Takvimler 26 Mayıs 1960’ın gece yarısını gösteriyordu. Aylar süren çalışmaların sonucunda “ Antalya Festivali” adı verilen etkinlik için son hazırlıklar tamamlanmıştı. Program, ertesi gün saat 8.30’da dönemin Belediye Başkanı Ömer Eken’in konuşmasıyla başlayacak, resmi geçit töreninin ardından motorla denizden Lara’ya geçilerek devam edecekti. Üç gün sürmesi planlanan organizasyonda Ankara Devlet Tiyatrosu Aspendos’ta “Othello”yu sergileyecekti. Dans ve caz gösterileri, mehter takımı, ortaoyunu gösterisi, Aksu Öğretmen Okulu öğrencilerinin temsilleri, fener alayı, garden parti, program kitapçığında ayrıntılarıyla ele alınıyordu.
O gece evinde heyecandan uyuyamayan Başkan Eken, konuşmasını yeniden gözden geçirirken ve henüz şafak sökmemişken, evinin kapısına dayanan asker topluluğuyla karşılaştı. Belediye önündeki açılış konuşması bir başka bahara kalmış, ihtilalin hemen ardından gözaltına alınmıştı.
Behlül Dal’ı Anımsamak
Altın Portakal’ın öncülü konumunda olan ve gerçekleşemeyen o festivalin mimarları arasında, Antalyalıların bugün adını ezbere bildikleri genç bir adam da vardı. Dostumuz, araştırmacı gazeteci Yusuf Yavuz’un son haberini içimiz burkularak okuduğumuz, heykeli ve arşivi depolarda çürümeye terk edilen Behlül Dal.

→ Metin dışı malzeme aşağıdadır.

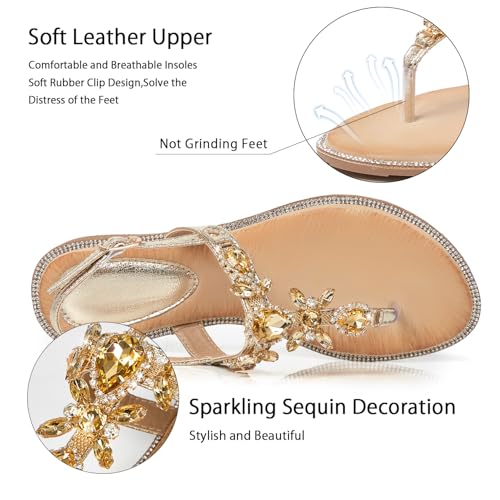 Image of iCKER Women Rhinestone Sandals T-Strap Buckle Bohemian Pearl Crystal Flat Sandals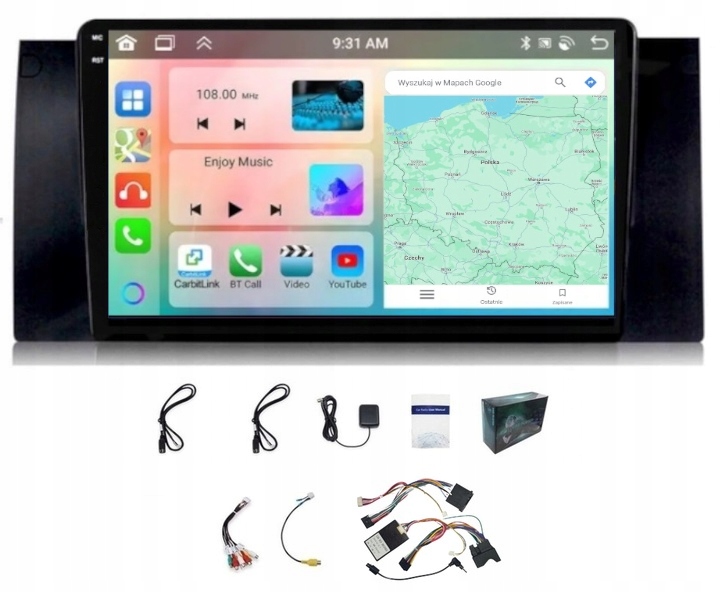 Navigační Rádio Carplay Bmw 5 E39 1996-2003 Usb Wifi Android 4GB 64GB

Ankara Hukuk Fakültesi öğrenimini yarıda bırakan Dal, 1940’lı yıllarda Antalya Halkevi Bölge Yönetmenliği yapmıştı. 1922’de İstanbul’da doğmuş, Antalya ile 1931 yılında, babası Mustafa Fuat Bey’in kentte sürdürdüğü Ağır Ceza Hâkimliği görevi sırasında tanışmıştı. 11 Nisan 1957’de yanına kentten arkadaşlarını da alarak İsmet Paşa No: 73’te bir film şirketi (Antiş Film) kuracaktı.

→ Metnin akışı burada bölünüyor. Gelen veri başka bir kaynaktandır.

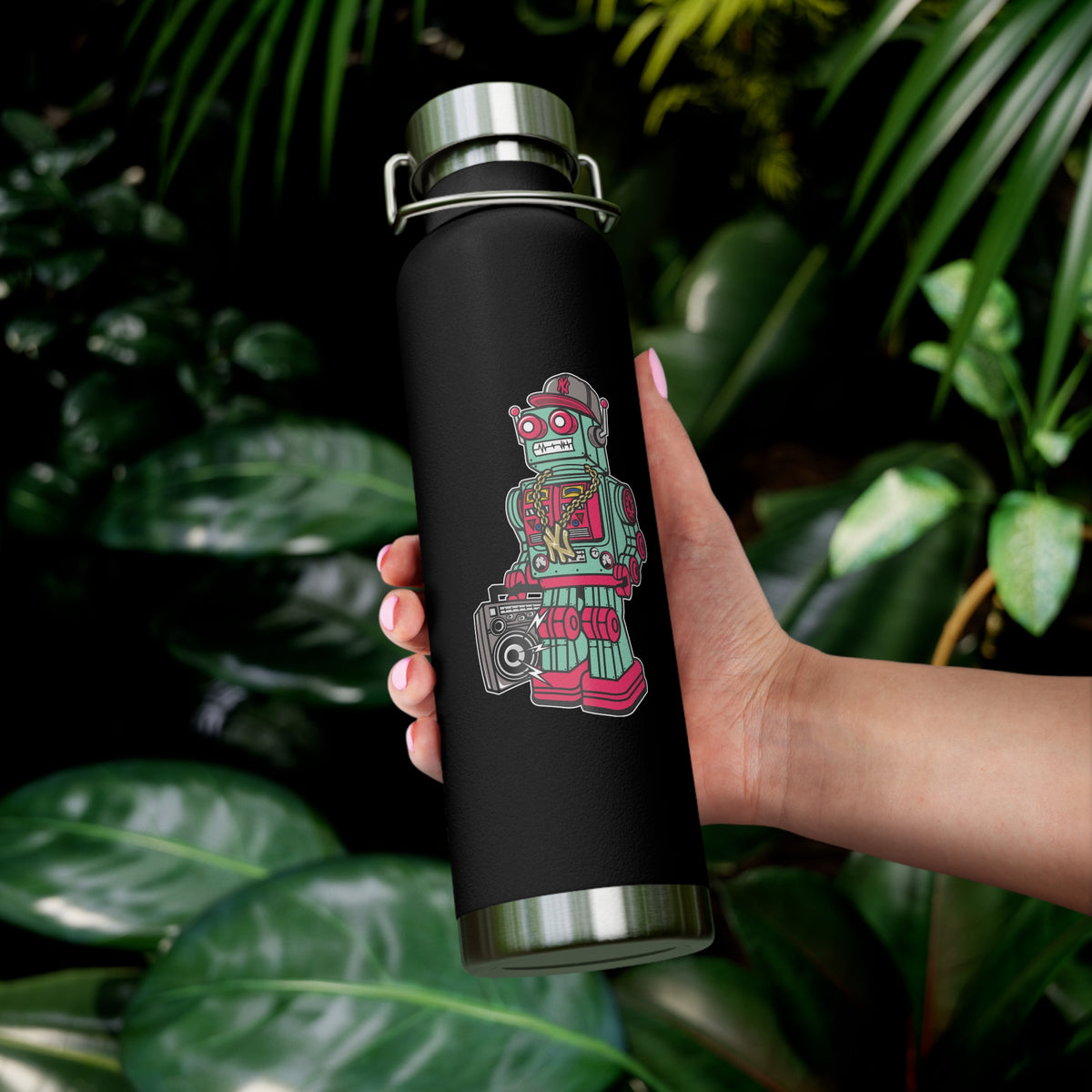 22oz Copper Insulated Water Bottle with Cartoon Design - CV44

İlk denemesi 27 Mayıs engeline takılan Behlül Dal, dört yıl kadar sonra, çocukluktan arkadaşı olan yeni belediye başkanı Dr. Avni Tolunay’la işbirliğine giderek bir film festivali için düğmeye basacaktı. Hedef, bir dünya cenneti olan Antalya’yı önce ülkeye sonra da dünyaya tanıtmaktı. Konyaaltı sahilleri Cannes’ı çağrıştırmıyor muydu zaten? Ayrıca Yeşilçam’ın kodaman yapımcıları ve sinema yıldızları açısından, iklimi ve doğal güzellikleri dışında sayısız yazlık ve kışlık sinemaya da sahip olan Antalya’dan iyi bir yer mi vardı memlekette?

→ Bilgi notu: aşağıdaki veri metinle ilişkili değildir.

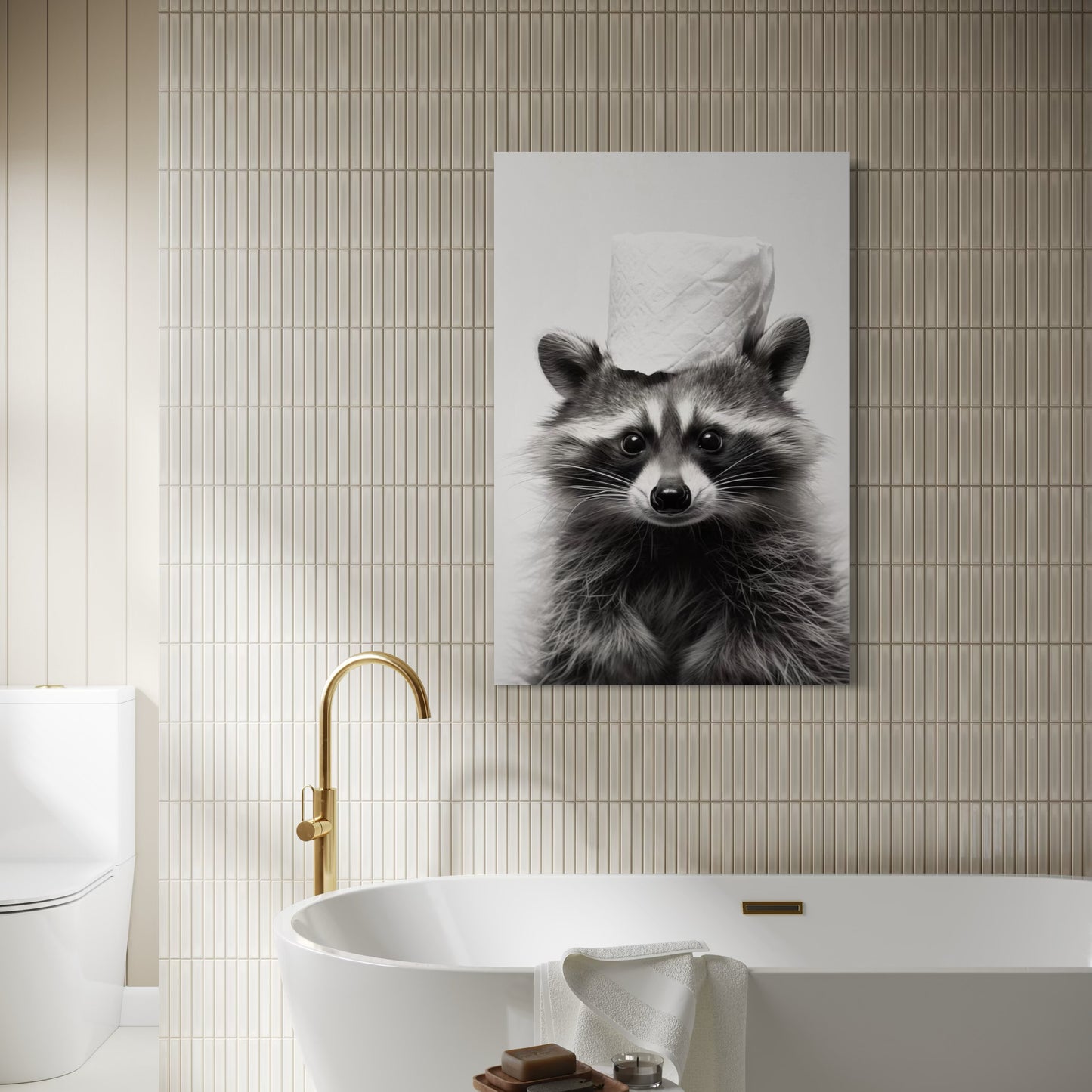Cuadro decorativo canvas Mapache en el baño 002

Türkiye’nin Kültür Markası: Altın Portakal
Hafızası konusunda iddiaların muhtelif olduğu bir ülkede -12 Eylül dönemi sayılmazsa- 60 yıl boyunca aralıksız festival düzenlemek kolay iş değildir. Altın Portakal, sinemamızın belleği olduğu gibi, Türkiye’nin de en köklü kültürel organizasyonudur. Devletten irili ufaklı destekler alsa da, özünde bir yerel yönetim faaliyetidir; adı göreve başlayan her belediye başkanının “yapılacaklar” listesinin başında yer alır. Bu miras Tolunay ve Dal’dan kalmıştır. Festivali adı ve simgesi de (Venüs Heykeli) Behlül Dal’a aittir.
Bugünün yöneticileri için o bildik tabiriyle vefa, İstanbul’da bir semt adı olarak değerlendirilebilir; ama en güç koşullarda dahi sinemanın yanında duran, son yıllarda etkinlikten -organizatör marifetiyle- itinayla uzaklaştırılan Antalyalı için durum hiç de böyle değildir. Dal ve Tolunay, meşakkatli bir sürecin, doğru ve yanlış kararların arasında temel bir işlevi yerine getirmişler, Altın Portakal’ı ülkenin en önemli sinema etkinliğine dönüştürmüşlerdir. Organizasyonun kentin tanıtımında oynadığı rol büyüktür.
Çetrefilli bir yoldur bu. Kimi zaman Yeşilçam kavgalarının arasında kalmışlar, kimi zaman da aldıkları (ya da alamadıkları) kararlarla uluslararası skandalların ortasına düşmüşlerdir. 60’ların önemli sinemacıları tarafından protestoya uğradıkları da olmuştur, İstanbul’dan getirilen bikinili kızlara verdikleri destekle ikinci bir Brigitte Bardot yaratmaya çalıştıkları da. Hepsi bir yana, temelde taşıdıkları iyi niyete saygıda bulunmak bir görevdir adeta.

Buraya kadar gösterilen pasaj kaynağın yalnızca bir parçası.